HOW TO COMPLETE THIS TASK
Without including any images, reproduce each entry exactly.

Collected data entries

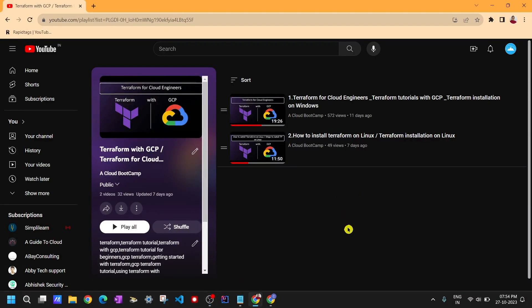Hi everyone, welcome to Cloud Bootcamp. This is lecture number three in the Terraform for Cloud Engineer series. In this video we are going to see some basic details about Terraform, and we'll try to create our first resource — specifically a Google Cloud Storage bucket using Terraform.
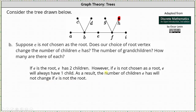Now let's consider E's grandchildren. Remember, grandchildren are children of children. So if E is the root, notice how E has six grandchildren: A, C, D, G, H, and I. These are children of E's children.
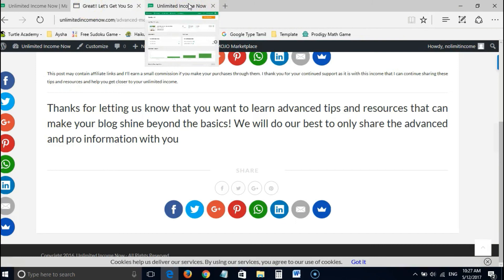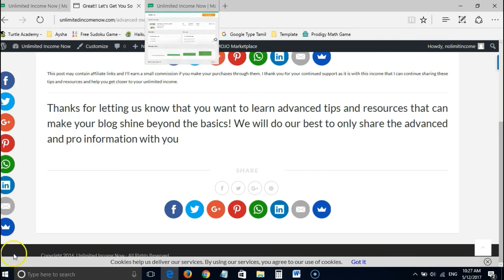Segmenting your list with this simple feature can go a long way, because having all your subscribers in one group only works for a short while — each person wants what they want, and you can't tailor to their specific needs unless you segment them and laser-focus on giving them what they're after. I hope this small tutorial helped. Please visit www.unlimitedincomenow.com for more tips on email marketing, blogging, and making money on the internet. Thank you.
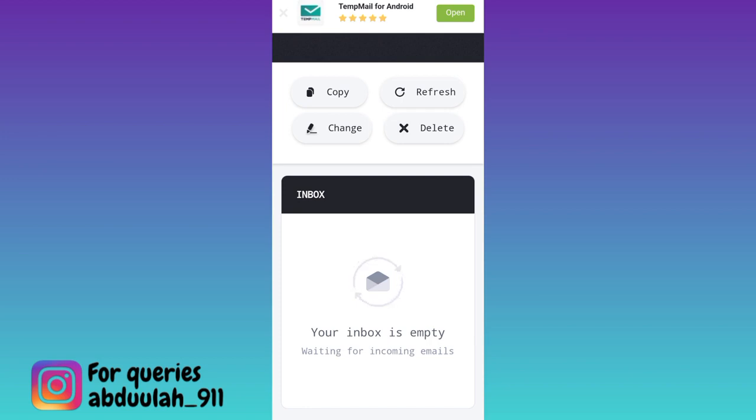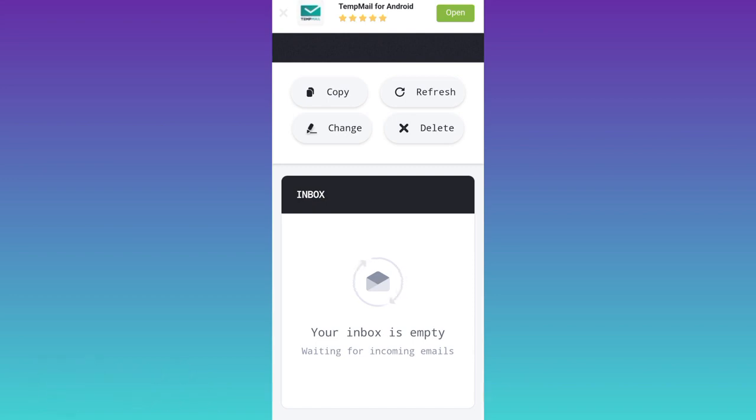Paste the OTP code on Facebook and your Facebook account without your original phone number or email address will be created. That was it for this video — I'll see you guys in the next one. Peace out.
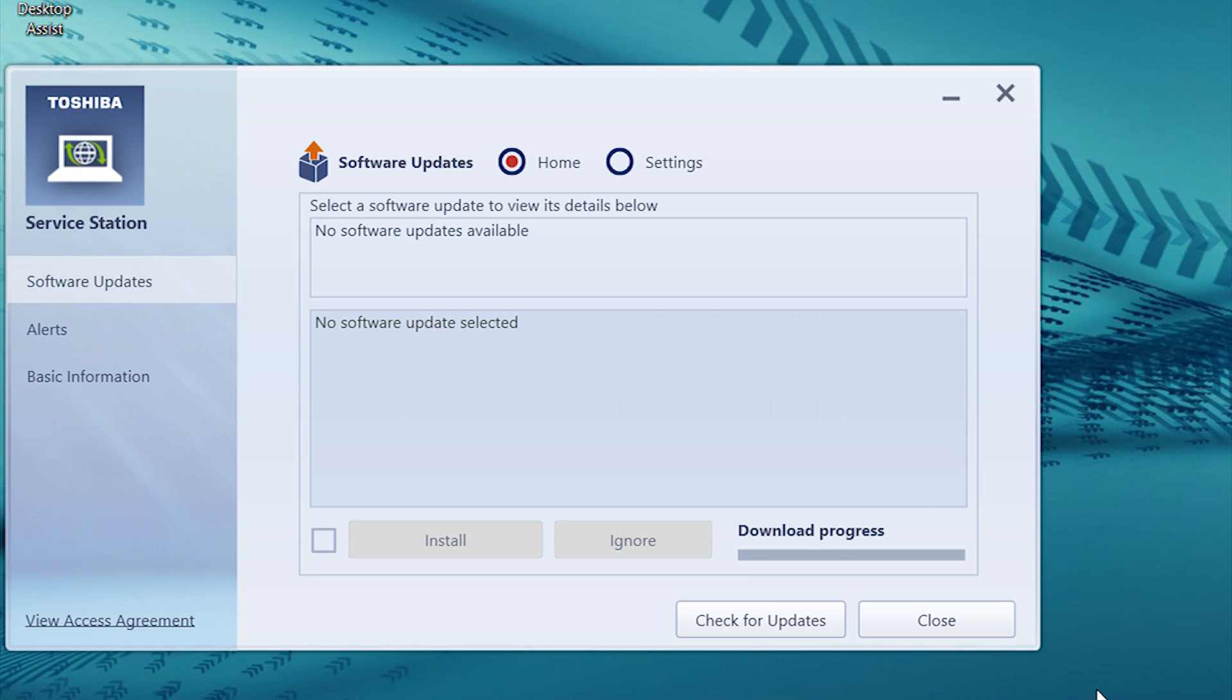After all updates have been installed, click Check for Updates one last time to ensure that there are no additional updates available.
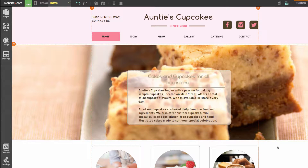Hi everyone, today I'll be talking about our shapes element. With the shapes element you can add fun and colorful shapes to your website to give it that extra bit of flair.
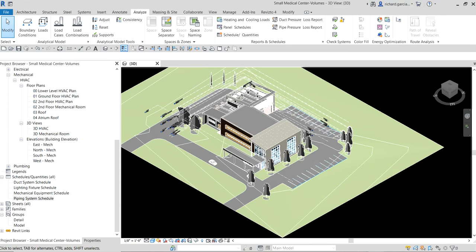What's up guys, Learning with Rich here. In this video let's continue our discussion about defining the volumes in your MEP model for Revit. After learning how to create the spaces, this time around let's learn how to check and modify the spaces using a schedule.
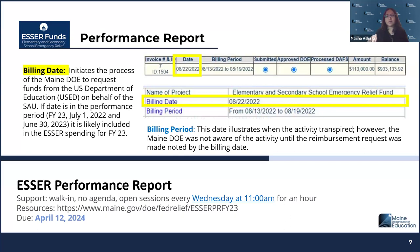Billing period is the date that illustrates when the actual expense happened at your site, and Maine DOE was not aware of such activities until the reimbursement request was made — noted by the billing date. The billing date is the date that initiates Maine DOE's process to request funds from U.S. DOE on behalf of the SAU. Dates in the FY23 performance report period — July 2022 through July 30, 2023 — are likely included in ESER spending for FY23. We need to go by billing date, not billing period.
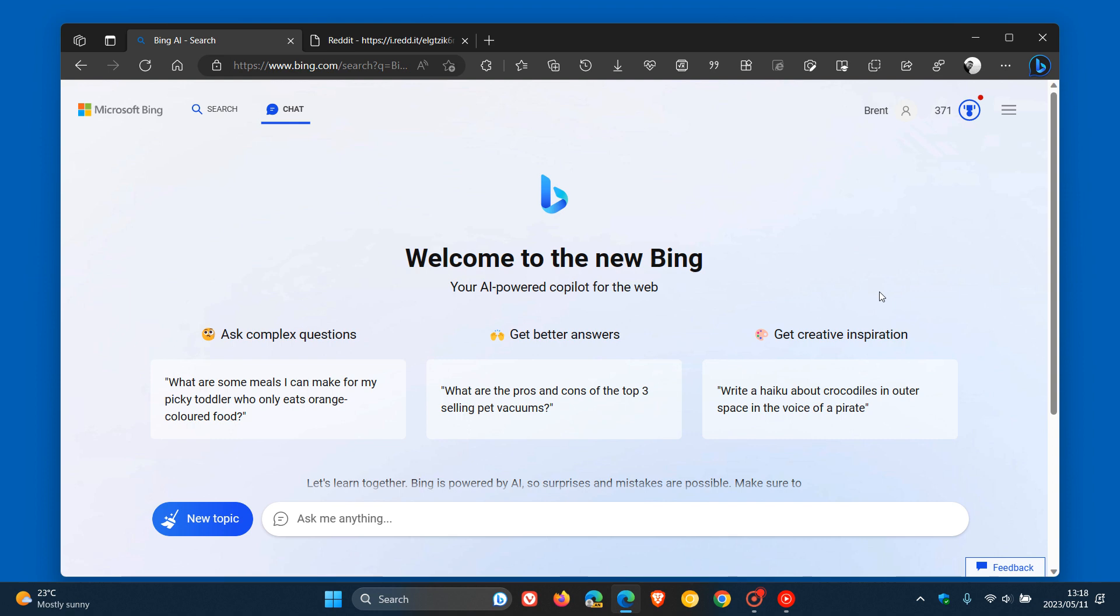Hi, Braintech here, where tech is made simple. A couple of days ago, I posted a video that Microsoft had announced new features coming to the new Bing chat shortly. As I mentioned in that video, which I'll leave a link to in the description, one of these includes chat history support, which is actually a highly requested feature that Microsoft is introducing to the new Bing.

ANSWER
Hi everyone, welcome to Cloud Bootcamp. This is lecture number three in the Terraform for Cloud Engineer series. In this video we are going to see some basic details about Terraform, and we'll try to create our first resource — specifically a Google Cloud Storage bucket using Terraform.
Now let's consider E's grandchildren. Remember, grandchildren are children of children. So if E is the root, notice how E has six grandchildren: A, C, D, G, H, and I. These are children of E's children.
Segmenting your list with this simple feature can go a long way, because having all your subscribers in one group only works for a short while — each person wants what they want, and you can't tailor to their specific needs unless you segment them and laser-focus on giving them what they're after. I hope this small tutorial helped. Please visit www.unlimitedincomenow.com for more tips on email marketing, blogging, and making money on the internet. Thank you.
Paste the OTP code on Facebook and your Facebook account without your original phone number or email address will be created. That was it for this video — I'll see you guys in the next one. Peace out.
After all updates have been installed, click Check for Updates one last time to ensure that there are no additional updates available.
Hi everyone, today I'll be talking about our shapes element. With the shapes element you can add fun and colorful shapes to your website to give it that extra bit of flair.
What's up guys, Learning with Rich here. In this video let's continue our discussion about defining the volumes in your MEP model for Revit. After learning how to create the spaces, this time around let's learn how to check and modify the spaces using a schedule.
Billing period is the date that illustrates when the actual expense happened at your site, and Maine DOE was not aware of such activities until the reimbursement request was made — noted by the billing date. The billing date is the date that initiates Maine DOE's process to request funds from U.S. DOE on behalf of the SAU. Dates in the FY23 performance report period — July 2022 through July 30, 2023 — are likely included in ESER spending for FY23. We need to go by billing date, not billing period.
Hi, Braintech here, where tech is made simple. A couple of days ago, I posted a video that Microsoft had announced new features coming to the new Bing chat shortly. As I mentioned in that video, which I'll leave a link to in the description, one of these includes chat history support, which is actually a highly requested feature that Microsoft is introducing to the new Bing.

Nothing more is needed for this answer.